● **Problem requirements**:
Reproduce each record exactly, but exclude every picture.
Task inputs section start
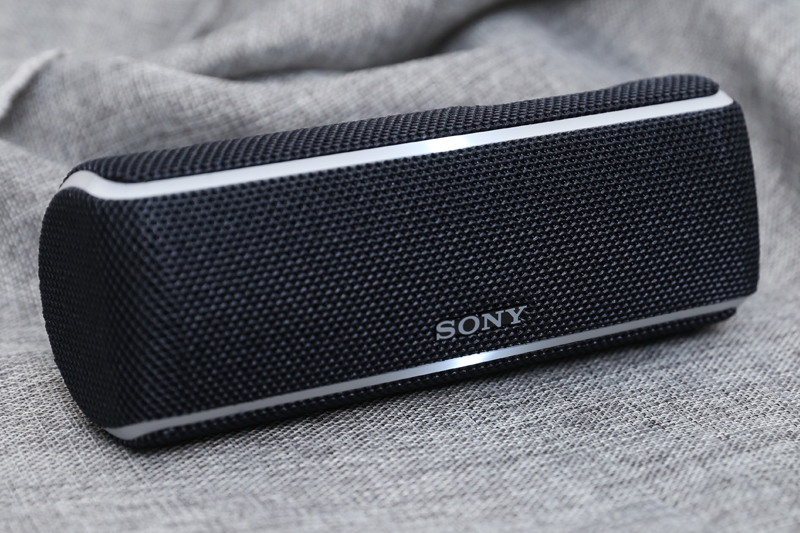 [HCM]Loa di động Sony SRS-XB21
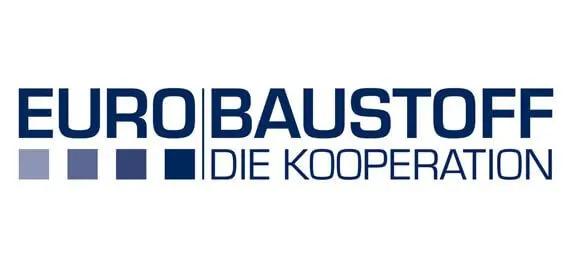 Handelsvertreter - Eurobaustoff 435db0f79d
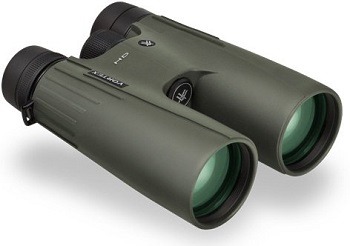 Vortex Optics Viper 10 50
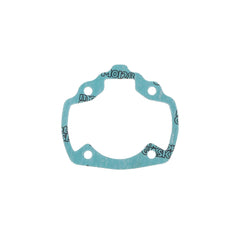 Cylinder Base Gasket thickness same as OE-0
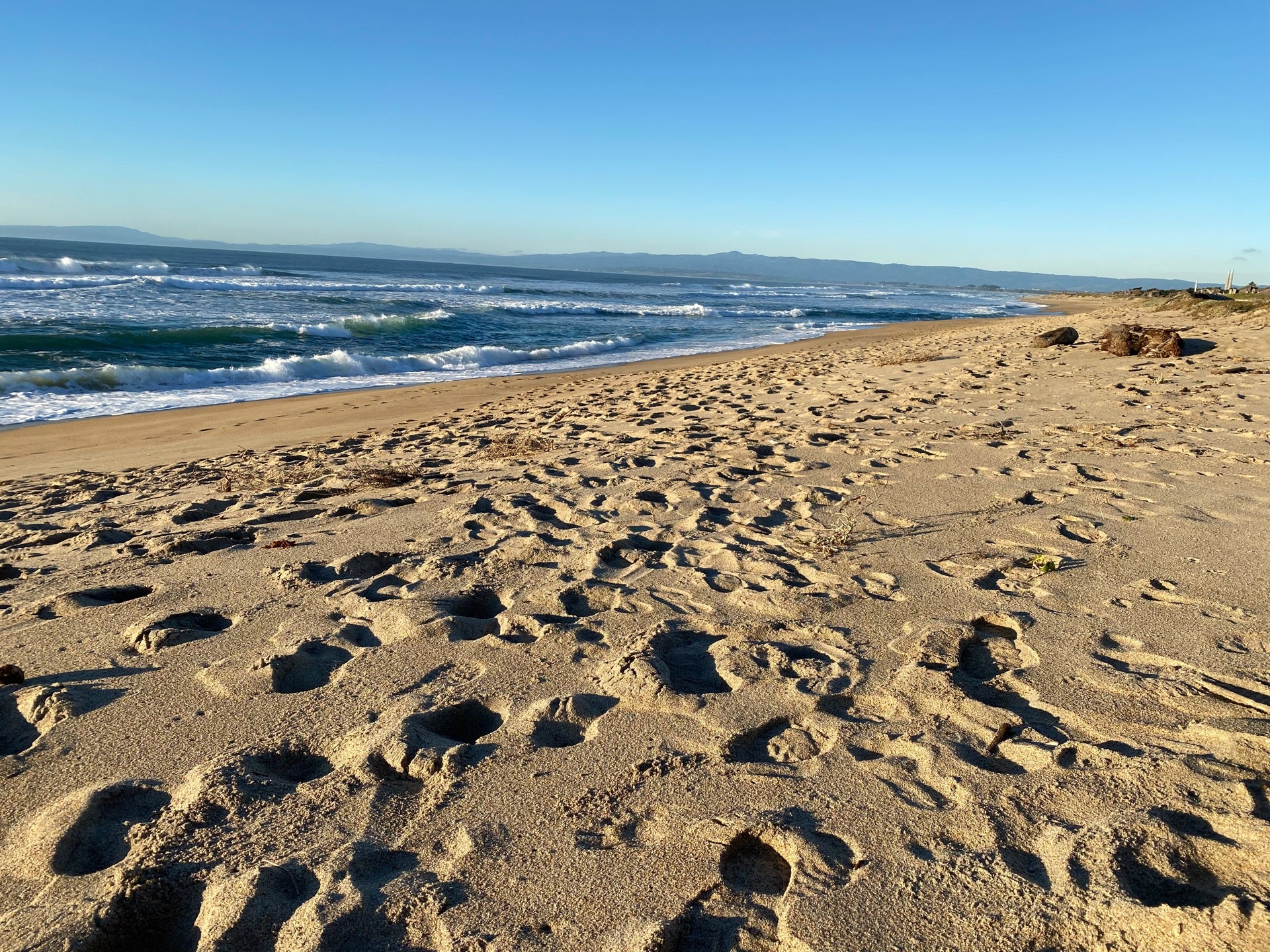 Castroville, CA Map & Directions MapQuest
Task inputs section end
● **Output below**:
 [HCM]Loa di động Sony SRS-XB21
 Handelsvertreter - Eurobaustoff 435db0f79d
 Vortex Optics Viper 10 50
 Cylinder Base Gasket thickness same as OE-0
 Castroville, CA Map & Directions MapQuest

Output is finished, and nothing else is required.